» Task goal:
Looking at the data, count the lines where the word "from" occurs and answer with only the number.

» Records for this exercise:

# # # # #

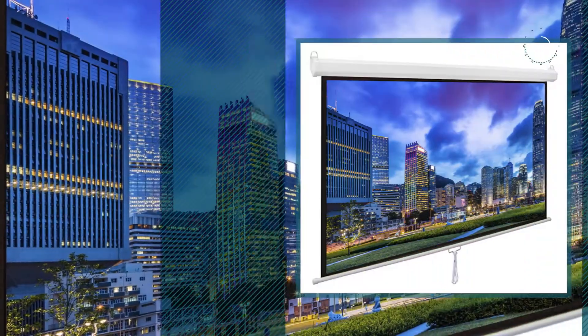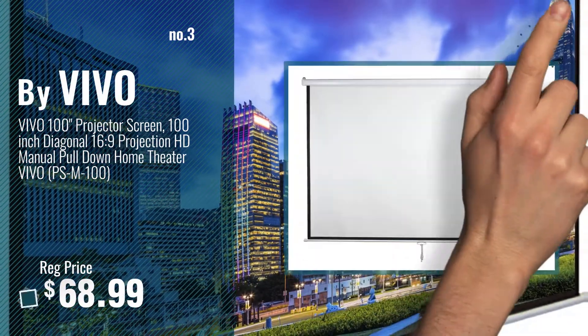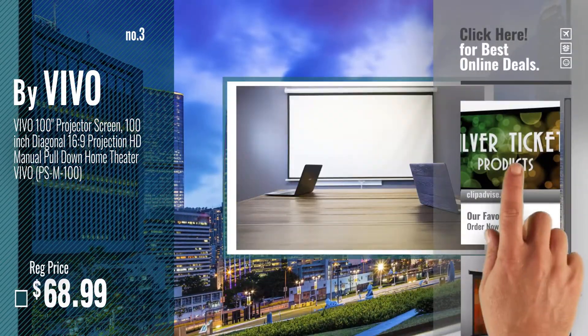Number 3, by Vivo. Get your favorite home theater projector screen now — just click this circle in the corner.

# # # # #

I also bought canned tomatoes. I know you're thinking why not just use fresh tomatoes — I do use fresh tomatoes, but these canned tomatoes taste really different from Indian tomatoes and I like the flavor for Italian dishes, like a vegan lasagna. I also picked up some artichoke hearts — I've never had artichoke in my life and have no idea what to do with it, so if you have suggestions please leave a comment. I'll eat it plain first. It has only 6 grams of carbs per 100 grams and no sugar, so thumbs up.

# # # # #

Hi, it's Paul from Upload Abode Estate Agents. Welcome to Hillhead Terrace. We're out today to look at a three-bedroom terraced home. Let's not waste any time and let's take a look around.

# # # # #

» Exercise answer:
2